If you haven’t seen it yet, Sam Safron recently published Tests that sometimes fail. It’s well worth the read.
I think we’ve been doing an OK job at managing our test suite, though in the last 2-3 releases it does seem as if the CI server is less and less reliable, taking longer and longer to get to a passing state.
From the Mitigation Patterns section, we tend to take a Do Nothing approach, as in CI ignores the failure, we manually re-rerun the test (pipeline), and hope for the best. We also have tickets filed to investigate and fix flaky tests. Maybe sometimes, rarely, we delete a test that’s not adding value. Overall we’re still investing in the test suite and I don’t think it’s gotten away from us yet, though I do think we could do better.
Running the test suite constantly is an interesting idea, when paired with the idea of quarantining and fixing flaky tests. I’m curious what the team thinks - would we want to try such an approach? Is it worth the overhead?
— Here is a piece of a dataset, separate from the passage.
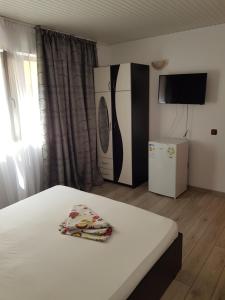 a bedroom with a bed with a pillow on it at Vila Dan in Costinesti
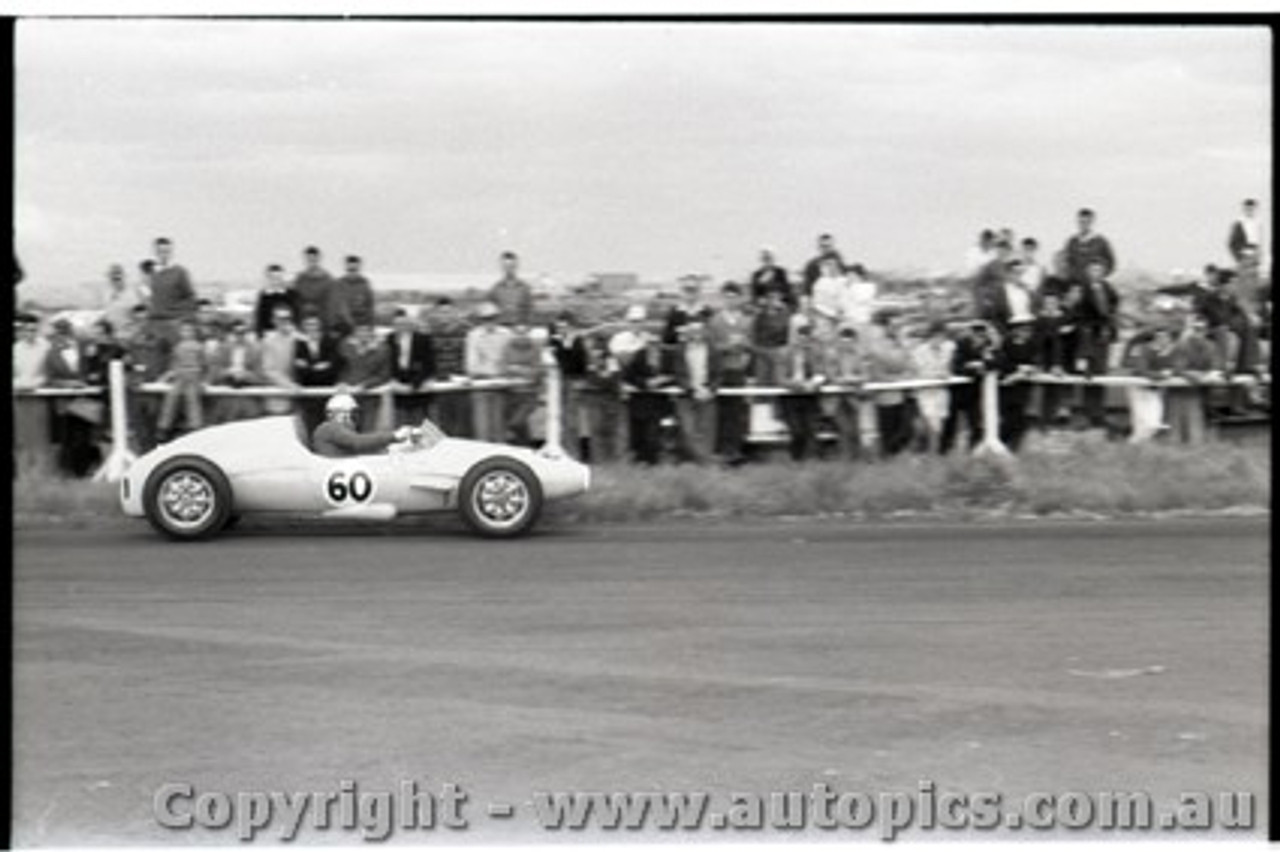 Fishermans Bend  - October 1959 -  Photographer Peter D'Abbs - Code FB01059-126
Perhaps a simpler start is adopting the practice of recording the root-cause of each flaky test in one place. I know I saw an analysis recently on a flaky contract test which was excellent and informative, though tucked away in a Jira comment. I’d propose we follow Sam’s advice and we start collecting what we find as the cause of each flaky test we encounter here in this thread. If we start noticing patterns we could compile what we find into a knowledge-base in the wiki later.